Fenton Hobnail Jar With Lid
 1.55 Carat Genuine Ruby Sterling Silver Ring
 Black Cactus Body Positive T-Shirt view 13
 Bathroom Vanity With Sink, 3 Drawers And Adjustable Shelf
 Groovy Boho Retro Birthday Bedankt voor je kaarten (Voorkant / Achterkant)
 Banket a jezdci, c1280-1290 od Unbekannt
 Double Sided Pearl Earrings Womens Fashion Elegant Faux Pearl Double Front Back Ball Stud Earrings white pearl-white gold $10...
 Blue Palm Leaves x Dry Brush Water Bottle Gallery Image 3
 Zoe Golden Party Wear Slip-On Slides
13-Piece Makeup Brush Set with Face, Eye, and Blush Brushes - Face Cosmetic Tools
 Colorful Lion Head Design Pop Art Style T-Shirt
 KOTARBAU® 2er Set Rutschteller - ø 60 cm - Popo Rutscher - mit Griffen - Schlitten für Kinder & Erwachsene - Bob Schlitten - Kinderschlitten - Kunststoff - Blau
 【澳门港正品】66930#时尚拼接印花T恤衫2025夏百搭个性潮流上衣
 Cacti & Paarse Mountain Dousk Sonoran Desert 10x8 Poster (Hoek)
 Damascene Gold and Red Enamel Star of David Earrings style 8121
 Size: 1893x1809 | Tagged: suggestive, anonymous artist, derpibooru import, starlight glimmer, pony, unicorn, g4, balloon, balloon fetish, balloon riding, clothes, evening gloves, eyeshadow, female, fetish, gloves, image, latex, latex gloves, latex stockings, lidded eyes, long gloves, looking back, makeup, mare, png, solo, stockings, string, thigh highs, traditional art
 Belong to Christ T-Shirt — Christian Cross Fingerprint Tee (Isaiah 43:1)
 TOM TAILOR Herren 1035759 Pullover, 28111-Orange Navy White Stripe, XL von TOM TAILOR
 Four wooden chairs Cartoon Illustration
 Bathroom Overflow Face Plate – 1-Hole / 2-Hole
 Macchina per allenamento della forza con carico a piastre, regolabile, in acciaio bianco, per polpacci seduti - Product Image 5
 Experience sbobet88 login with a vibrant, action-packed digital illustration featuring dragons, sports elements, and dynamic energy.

---+---

### What needs to be done
Using the records above, find and show each line with the string "Bathroom".

### Solution for this task
 Bathroom Vanity With Sink, 3 Drawers And Adjustable Shelf
 Bathroom Overflow Face Plate – 1-Hole / 2-Hole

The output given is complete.